Two fine books by veteran journalists describe the period from the 1980s to the present. Edward Girardet, a reporter and television producer who has covered Afghanistan since the 1979 Soviet invasion, has written Killing the Cranes, an account that contains some of the best descriptions of Afghan people and events that I have read, and as a Western memoir of Afghanistan can stand comparison with David Chaffetz’s classic Journey Through Afghanistan from the pre-Communist era.1 Ghosts of Afghanistan, by the British Guardian journalist Jonathan Steele, is a more analytical account that explicitly links the Soviet and Western experiences and ends with a powerful and eloquent argument for peace with the Taliban.

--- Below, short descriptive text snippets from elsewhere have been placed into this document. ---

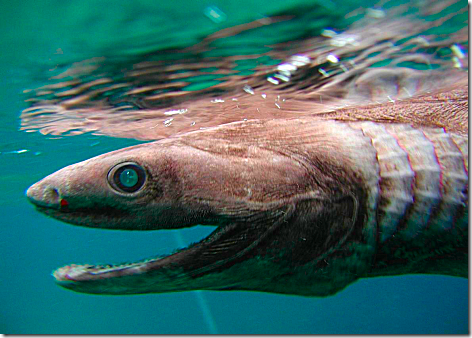 Frilled Shark 2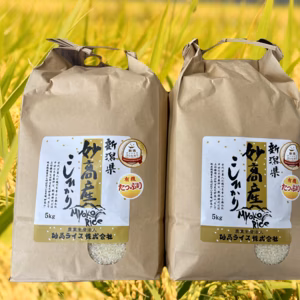 【ご要望多数！5kg×２販売開始】令和6年　妙高産コシヒカリ5kg×2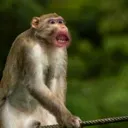 Emoji Singe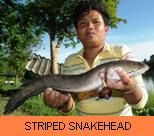 Photo Gallery - Striped Snakehead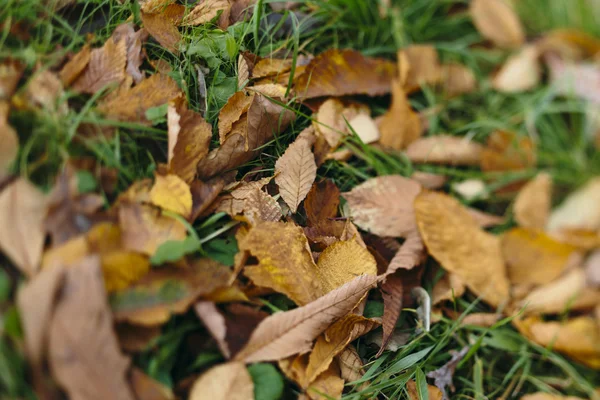 Höst löv på gräset — Stockfoto
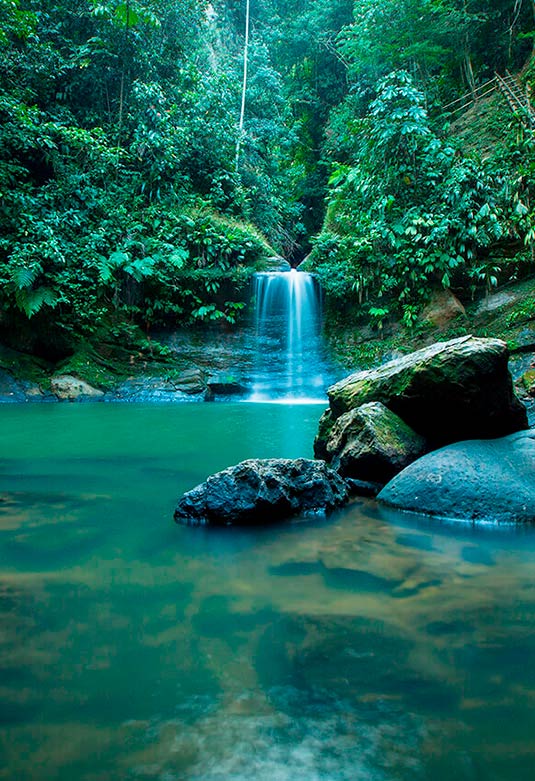 Cascada de Carpishuyacu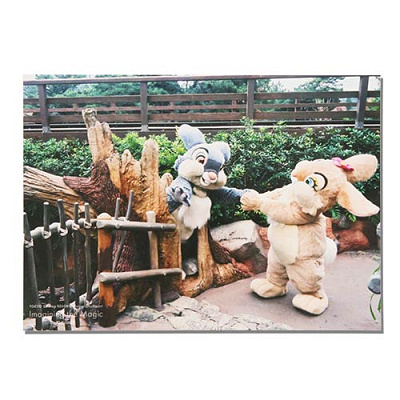 写真 2023年12月07日(木)発売（イマジニング・ザ・マジックグッズ）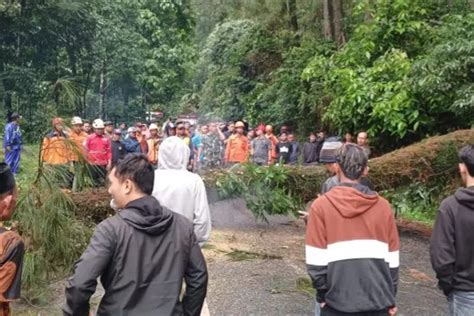 Diguyur Hujan Deras Pohon Pinus Tumbang Melintang Di Tengah Jalan Raya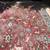 10x13 feet Handmade Persian rug 1 thumbnail
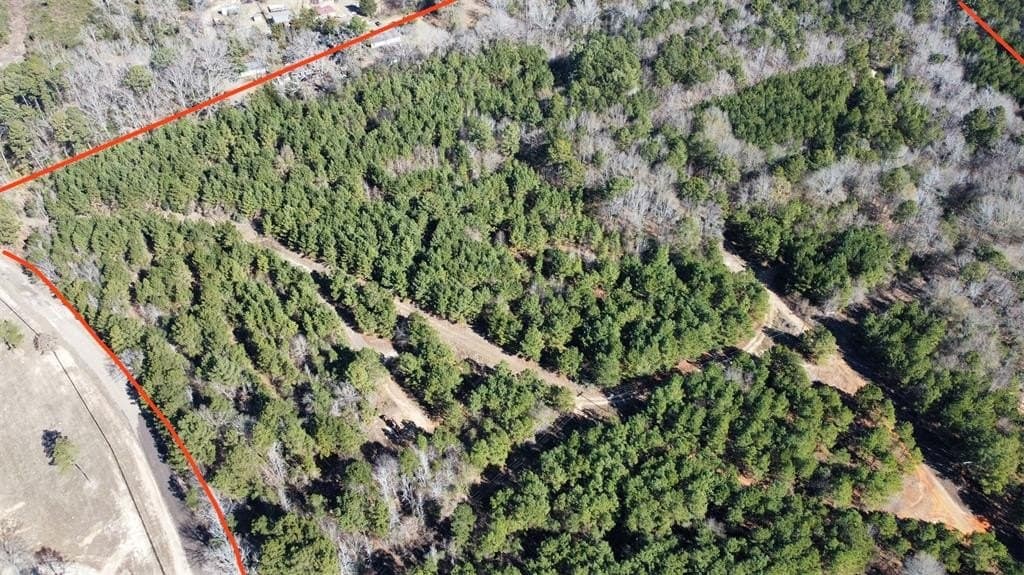 46.73 acres in Rusk County gallery image 2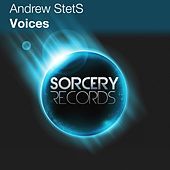 Thumbnail for the Andrew StetS - Voices link, provided by host site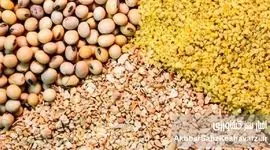 تخصیص ۴۵۰ میلیون دلار از ارز معوق نهاده‌های دامی؛ گامی مهم برای بازگشت ثبات به بازار خوراک دام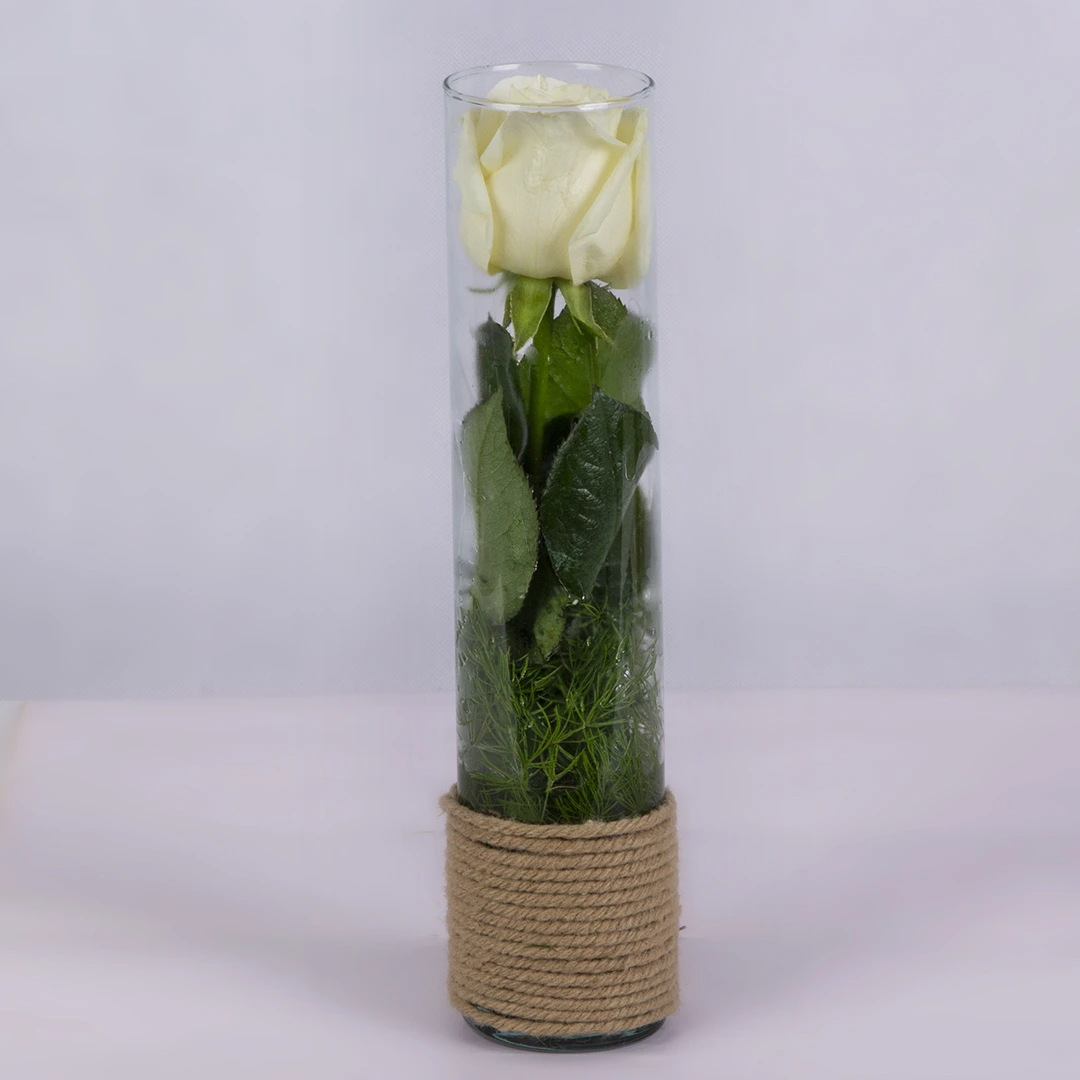 مدل باکس گل شیشه ای رز هلندی نباتی کد 1780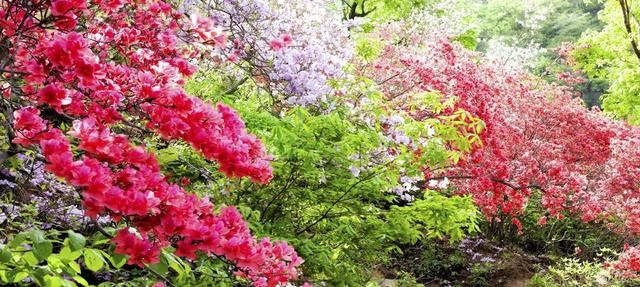 土配错了杜鹃、兰花不长个，按我的比例配营养土，呼呼蹿新叶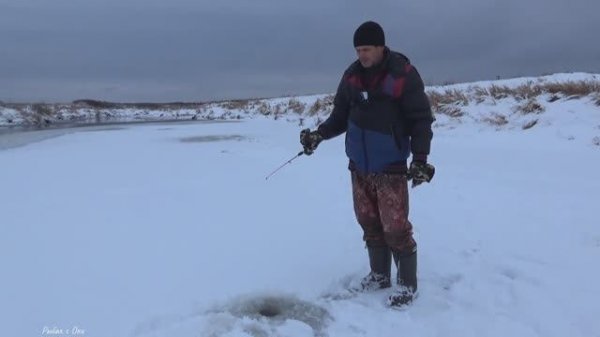 Этот РАТТЛИН опять...! Рыбалка на Жерлицы и Балансир 2023-2024!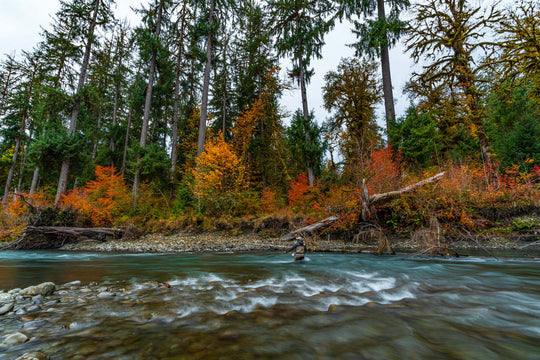 OLYMPIC NATIONAL PARK &amp; RAIN FOREST PHOTOGRAPHY / SIGHTSEEING TOUR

Much bigger, and much more open to question, is The Wars of Afghanistan by Ambassador Peter Tomsen, President George H.W. Bush’s special envoy to the Afghan resistance from 1989 to 1992, and participant in various official and semiofficial missions thereafter. Tomsen’s work contains many fascinating anecdotes, and is indispensable reading for all students of Afghani-stan and the US achievement there over the past generation. However, its underlying message is all too typical of official Washington: despite some criticism of US errors, Tomsen attributes all the real guilt for what has happened in Afghanistan over the past twenty years to Pakistan and its “proxies.” This argument contains a measure of truth, but ignores the frequently horrible nature of the West’s own Afghan allies, the awful dilemmas faced by Pakistani policymakers, and the extent to which radical forces have attracted mass support.

Readers should balance Tomsen with an extremely important memoir-analysis by Riaz Mohammad Khan, a Pakistani diplomat who served as foreign secretary of Pakistan from 2005 to 2008. While sharply criticizing some aspects of the Pakistani military’s strategies regarding Afghanistan, he also brings out well the sheer intractability of the Afghan situation, and the degree to which Pakistan too has been trapped by forces and developments beyond its control.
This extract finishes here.